### Problem to work on
Copy the lines below exactly, starting at the one with "For more information, please" and ending at the one with "We're here with", and leave out any picture.

### Supplied entries
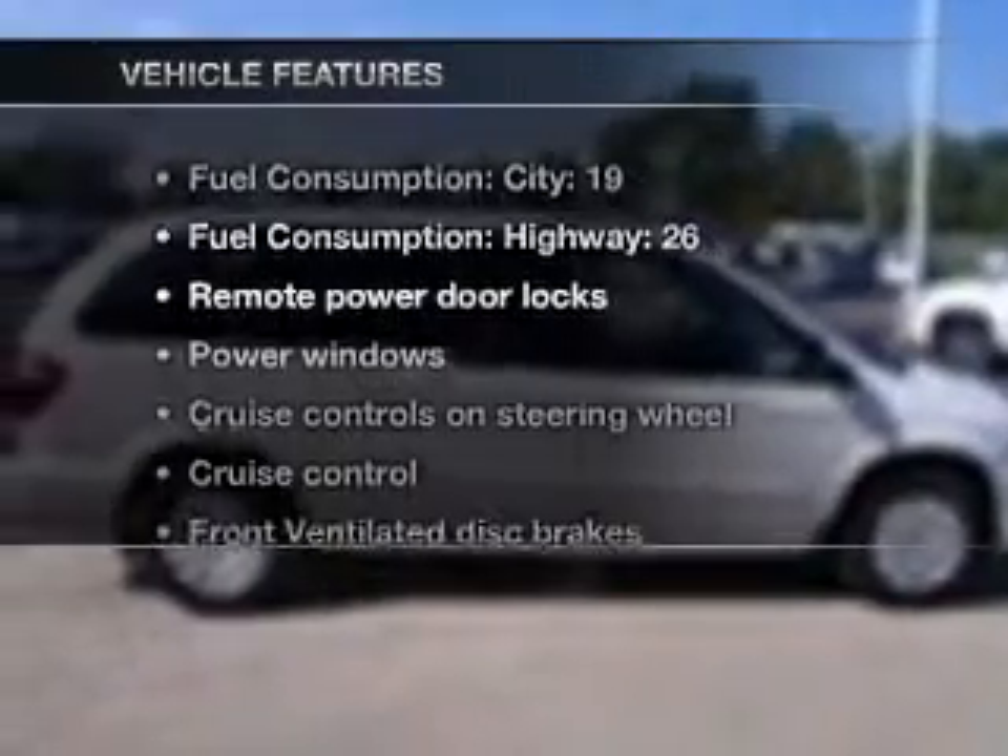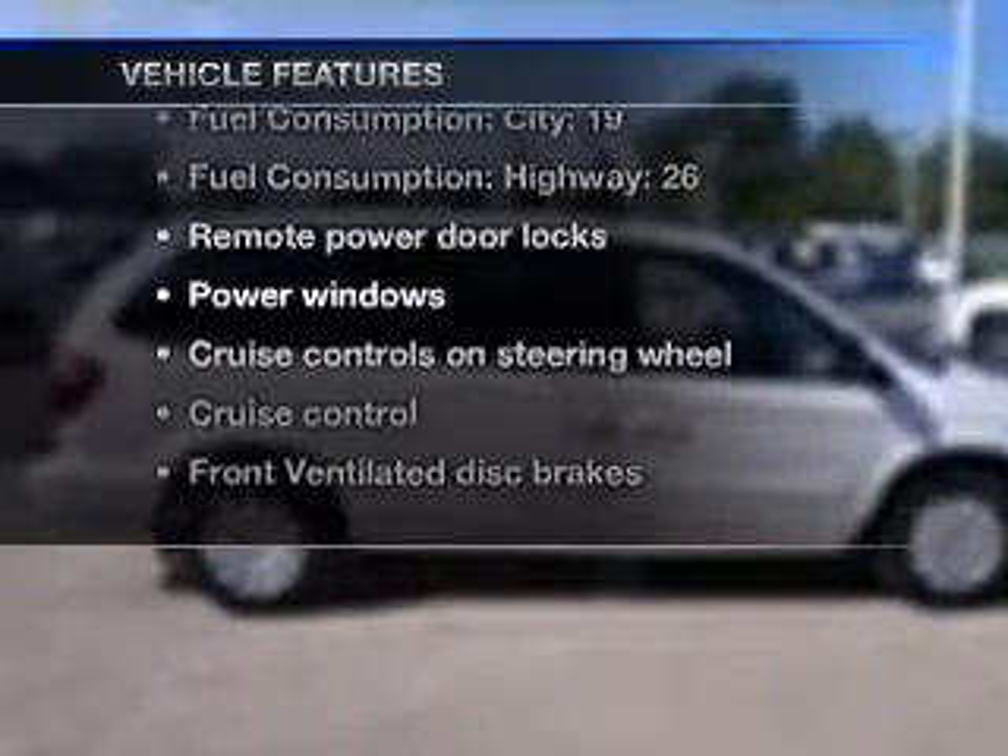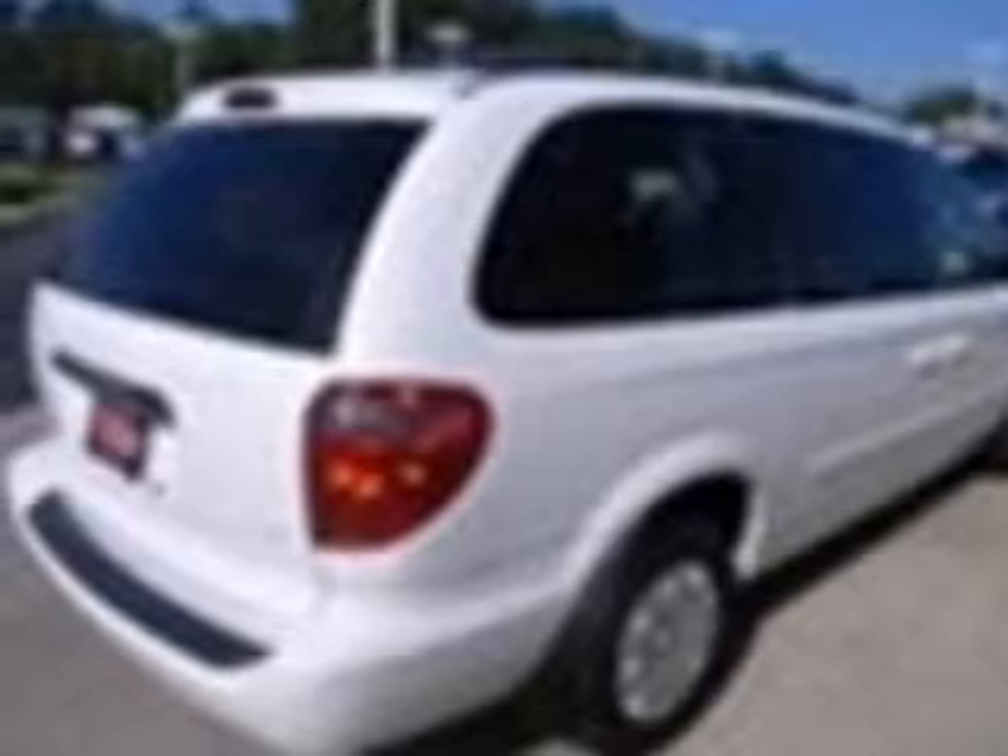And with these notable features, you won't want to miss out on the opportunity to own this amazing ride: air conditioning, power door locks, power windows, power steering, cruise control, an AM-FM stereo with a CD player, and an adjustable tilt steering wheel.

---

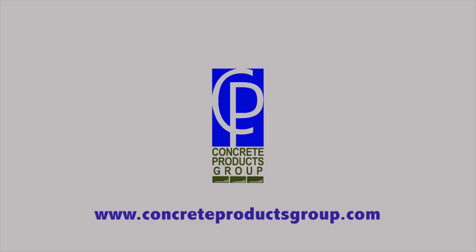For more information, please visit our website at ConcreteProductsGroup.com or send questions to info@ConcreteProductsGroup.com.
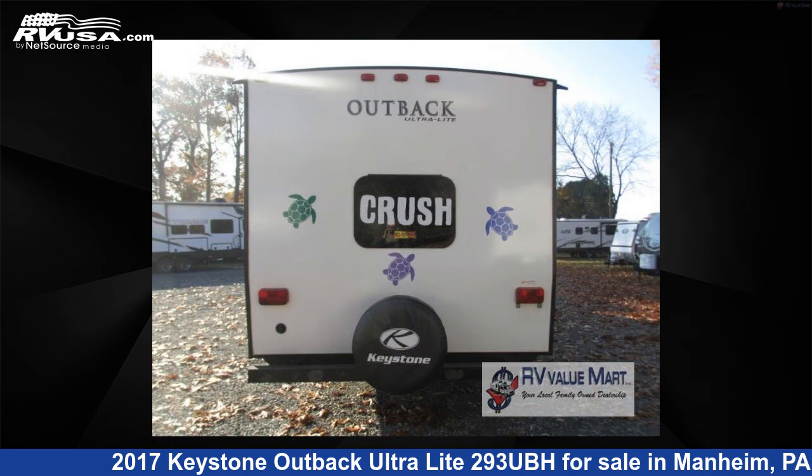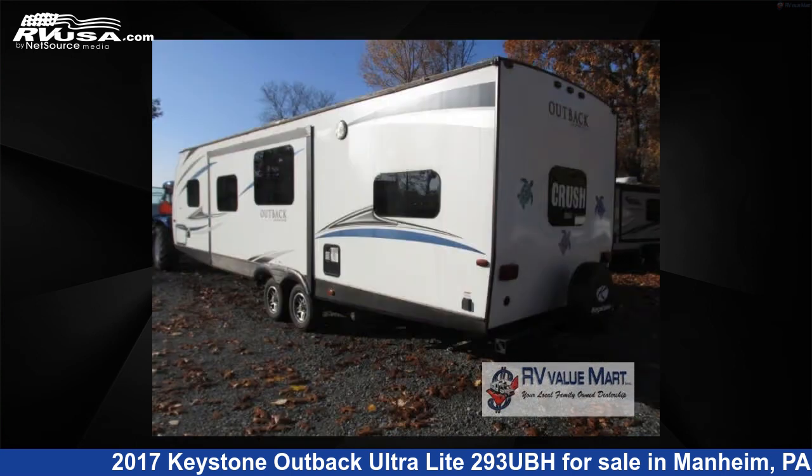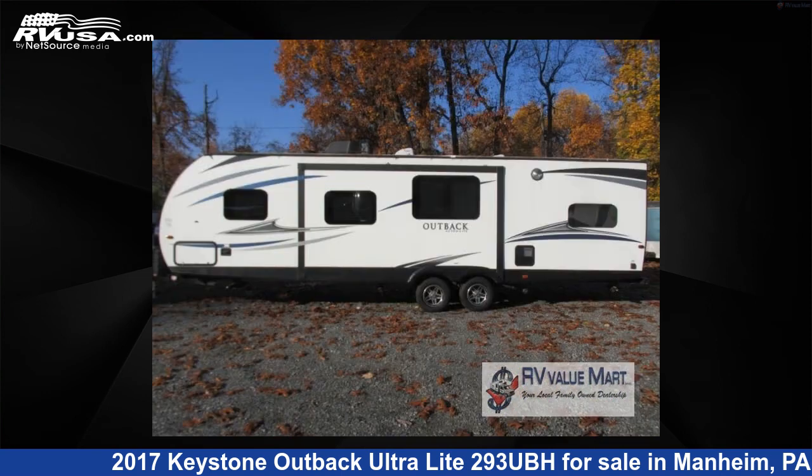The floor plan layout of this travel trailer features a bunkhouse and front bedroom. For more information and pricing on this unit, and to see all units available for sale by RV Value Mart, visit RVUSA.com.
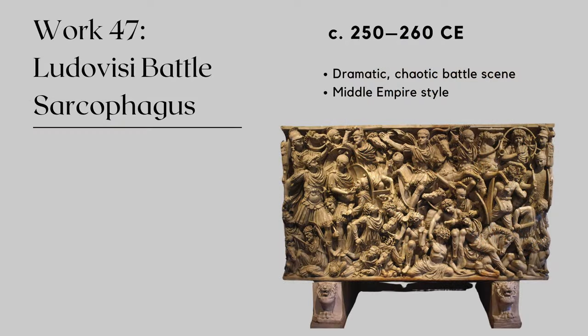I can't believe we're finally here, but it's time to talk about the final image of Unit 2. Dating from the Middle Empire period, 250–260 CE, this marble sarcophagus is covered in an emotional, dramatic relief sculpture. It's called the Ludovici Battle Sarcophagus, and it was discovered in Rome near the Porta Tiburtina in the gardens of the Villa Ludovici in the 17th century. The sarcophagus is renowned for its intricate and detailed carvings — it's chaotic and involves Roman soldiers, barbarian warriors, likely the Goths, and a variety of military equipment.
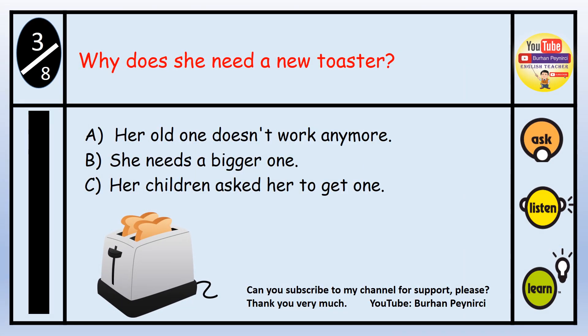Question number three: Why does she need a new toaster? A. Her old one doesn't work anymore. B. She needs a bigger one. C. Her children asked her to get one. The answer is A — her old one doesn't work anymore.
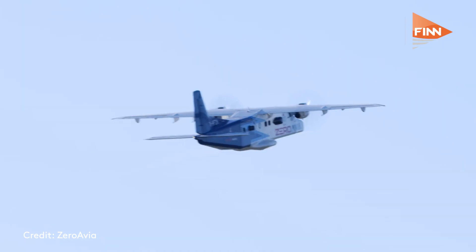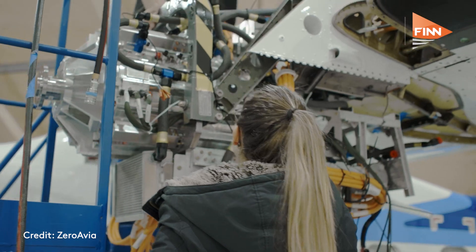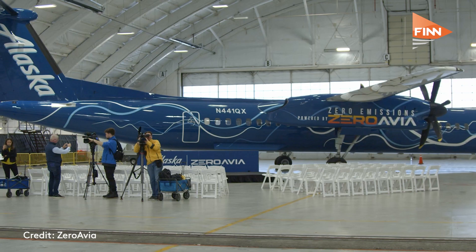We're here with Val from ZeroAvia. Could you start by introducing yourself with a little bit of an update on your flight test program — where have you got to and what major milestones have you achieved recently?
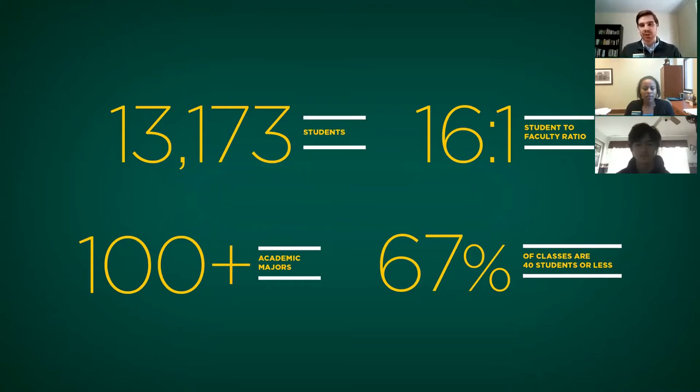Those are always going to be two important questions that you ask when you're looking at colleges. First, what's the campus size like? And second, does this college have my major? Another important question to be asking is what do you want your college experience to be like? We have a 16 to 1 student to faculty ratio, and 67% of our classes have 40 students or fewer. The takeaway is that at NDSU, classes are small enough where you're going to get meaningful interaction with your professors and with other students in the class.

### Reply to the task
For more information, please visit our website at ConcreteProductsGroup.com or send questions to info@ConcreteProductsGroup.com.
The floor plan layout of this travel trailer features a bunkhouse and front bedroom. For more information and pricing on this unit, and to see all units available for sale by RV Value Mart, visit RVUSA.com.
I can't believe we're finally here, but it's time to talk about the final image of Unit 2. Dating from the Middle Empire period, 250–260 CE, this marble sarcophagus is covered in an emotional, dramatic relief sculpture. It's called the Ludovici Battle Sarcophagus, and it was discovered in Rome near the Porta Tiburtina in the gardens of the Villa Ludovici in the 17th century. The sarcophagus is renowned for its intricate and detailed carvings — it's chaotic and involves Roman soldiers, barbarian warriors, likely the Goths, and a variety of military equipment.
Question number three: Why does she need a new toaster? A. Her old one doesn't work anymore. B. She needs a bigger one. C. Her children asked her to get one. The answer is A — her old one doesn't work anymore.
We're here with Val from ZeroAvia. Could you start by introducing yourself with a little bit of an update on your flight test program — where have you got to and what major milestones have you achieved recently?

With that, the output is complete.